■伝馬町牢屋敷(てんまちょうろうやしき)跡
都指定文化財 旧跡
日本橋小伝馬町3・4・5
令和6年(2024)1月1日の午後4時10分に石川県能登地方を震源とするマグニチュード7.6(最大震度7)の大きな地震(「令和6年能登半島地震」)が発生しました。他にも新潟県・富山県・福井県などで震度5強以上を観測し、被災した各地で住宅の倒壊や火災・津波被害・地盤災害・人身被害などに見舞われました。このたびの地震被災者の方々の生活再建や被災地の1日も早い復旧・復興を願うとともに、昨年は、大正12年(1923)に発生した関東大震災から100年の節目を迎えたこともあり、地震災害に対する備えの必要性を強く認識させられました。
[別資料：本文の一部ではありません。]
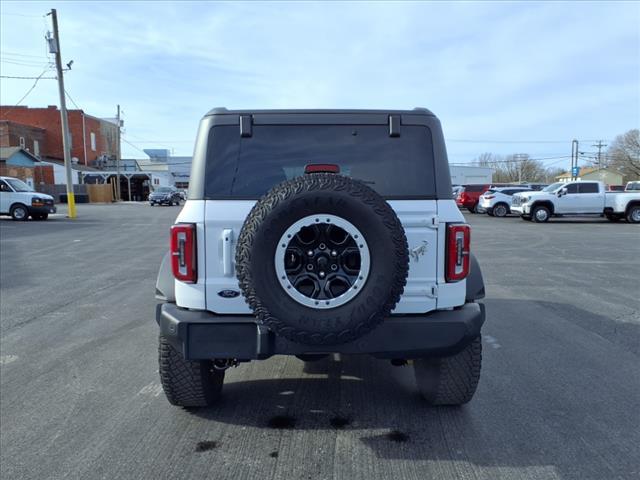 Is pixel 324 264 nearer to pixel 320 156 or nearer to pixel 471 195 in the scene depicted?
pixel 320 156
ところで、区内には関東大震災からの復興過程(主に昭和初期)で整備された「復興小公園」(復興小学校と隣接して造られた校庭の延長・火災延焼防止・防災拠点・憩いや地域コミュニティーの場)が10カ所程度(常盤・久松・十思(じっし)・箱崎・蛎殻町・鉄砲洲・京橋・越前堀・月島第一・月島第二など)現存しています。中でも、日本橋小伝馬町の区立十思公園は、隣接する旧十思小学校(現在は複合施設「十思スクエア」)とともに、整備・改修などを行いながら活用されています。これらは関東大震災後の復興事業の一端を今に伝えていますが、他方で、当地は江戸時代から明治初年(明治8年〈1875〉に市谷(いちがや)監獄へ移転)まで牢屋敷(留置・拘置施設)が置かれていた歴史上重要な場所でもあります。このため、当該地一帯は歴史的価値を有する遺跡「伝馬町牢屋敷跡」として、東京都の旧跡指定を受けています。
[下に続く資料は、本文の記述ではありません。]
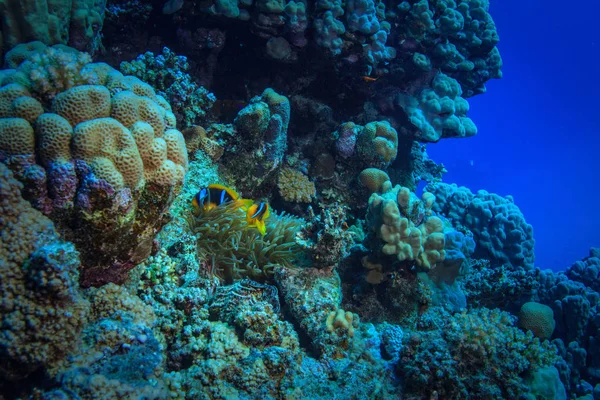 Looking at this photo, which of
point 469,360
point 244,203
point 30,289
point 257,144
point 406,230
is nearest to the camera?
point 30,289

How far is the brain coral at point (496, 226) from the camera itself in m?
8.19

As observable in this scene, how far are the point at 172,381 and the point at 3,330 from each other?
1.21 metres

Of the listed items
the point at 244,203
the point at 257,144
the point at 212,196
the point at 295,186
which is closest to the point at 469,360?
the point at 244,203

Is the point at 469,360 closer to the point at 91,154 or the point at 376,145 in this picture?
the point at 91,154

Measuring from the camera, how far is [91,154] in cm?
241

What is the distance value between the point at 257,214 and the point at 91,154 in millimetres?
2035

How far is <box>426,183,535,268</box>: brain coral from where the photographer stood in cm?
819

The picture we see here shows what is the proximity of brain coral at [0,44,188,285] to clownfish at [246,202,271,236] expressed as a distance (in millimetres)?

徳川家康が関東入国(天正18年〈1590〉)した後の牢屋敷に関する一次資料は確認されていません。しかし、幕府が編さんした地誌『御府内備考』には、当初の牢屋敷が常盤橋御門外の本町一丁目(現在の日本橋本石町二丁目)に設置され、奈良屋市右衛門(町年寄)と後藤(金座の御金改役(おきんあらためやく))屋敷のもとにあり、慶長年間(1596~1615)には小伝馬町の地へ移されたと記されています。その後、江戸城や江戸市街の大半を焼失した明暦の大火(明暦3年〈1657〉)をはじめ、度重なる火災や自然災害に見舞われましたが、伝馬町の牢屋敷は同位置での再建・修築を繰り返してきたようです。
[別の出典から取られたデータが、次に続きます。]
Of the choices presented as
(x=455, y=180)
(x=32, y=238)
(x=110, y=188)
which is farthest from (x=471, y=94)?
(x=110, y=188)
伝馬町牢屋敷は、江戸時代を通じて屋敷の拡張や屋敷内建物の配置変更、屋敷地周囲の変化(北側に設けられた「火除土手(ひよけどて)」や道路の新設・廃止などの再編)があるものの、その範囲はおおむね現在の十思公園・十思スクエア・大安楽寺(だいあんらくじ)・身延別院(みのぶべついん)を含むエリアにあたります。牢屋敷の総坪数は、2600坪(8595平方メートル)以上にも及んでおり、敷地南西の一角は俗に牢屋奉行と称された囚獄(しゅうごく)(入牢者の管理や行刑などを指揮した幕臣の役職)を世襲で務めた石出帯刀(いしでたてわき)の屋敷(約480坪〈約1586平方メートル〉)が占めていました。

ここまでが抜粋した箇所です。